Excessive amounts pose a health risk.
Despite its nutritional benefits, ham is considered problematic for health if consumed frequently and in large quantities, as it is a processed red meat. Expert bodies such as the International Agency for Research on Cancer classify processed meat products as carcinogenic, particularly about colorectal cancer. An increased risk of pancreatic and prostate cancer is also discussed. Among the substances blamed are nitrite curing salts and other compounds produced during processing, which can be converted into carcinogenic compounds in the body.
Strain on the cardiovascular system
Ham provides both saturated fatty acids and a lot of sodium. Both can negatively affect your blood lipid levels and blood pressure. Just 100 grams of ham contains more than half the recommended daily amount of salt. Consistently high salt consumption can contribute to high blood pressure, heart disease, and strokes. Studies also show that a high consumption of red and processed meat is associated with an overall increased risk of cardiovascular death.
Population studies suggest that regions with lower consumption of processed red meat tend to have higher average life expectancies. At the same time, it has been observed that people who reduce their intake of red and processed meat and instead choose plant-based foods, fish, or poultry more often have a lower overall risk of premature death.
Experts recommend a few portions per week.
Whether ham is “healthy” for you is not a question that can be answered definitively. The crucial factors are how often and how much you eat it, and what you combine it with. Health experts recommend limiting red and processed meat to just a few portions per week. If you don’t want to give up ham entirely, it may be wise to treat it more as an exception, for example, on special occasions or in small amounts in everyday life.
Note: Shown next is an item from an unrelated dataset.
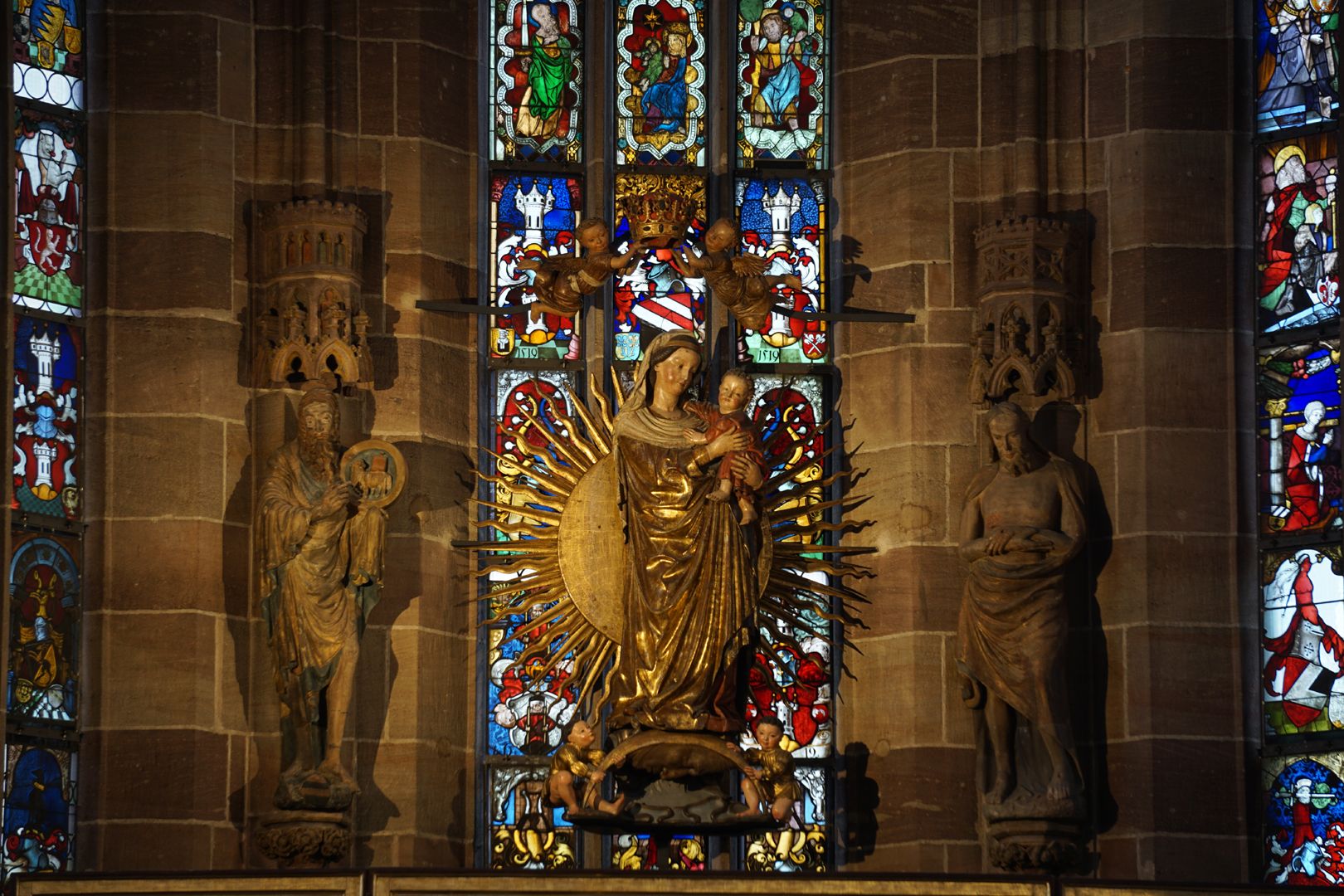 Welser-Madonna Gesamtansicht mit Chorfenster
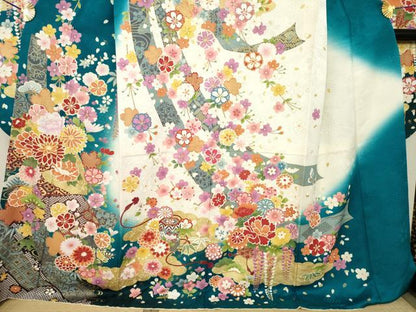 平和屋着物●豪華振袖　駒刺繍　蔓帯吉祥花文　金彩　銀通し地　ロング丈　正絹　逸品　AABK0101ck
Instead of thick ham slices, use thin ones and generously supplement your plate with vegetables, salad, whole grains, legumes, or fruit. The fiber and phytochemicals in these foods have a positive effect on gut health, blood pressure, and blood lipids, and can offset some of the risks associated with processed meat. In everyday life, you can more frequently replace sausage and ham toppings with poultry, fish, eggs, hummus, bean spreads, or cheese in moderate amounts.
This is what matters when preparing and selecting.
Opt for lean ham with as few additives as possible and avoid heavily seared or burnt edges, as this can create additional problematic substances. Especially with already heavily salted products, be mindful of adding less salt overall and limit your consumption of high-salt processed foods. This way, ham can be incorporated into a balanced diet occasionally without negatively affecting your long-term health.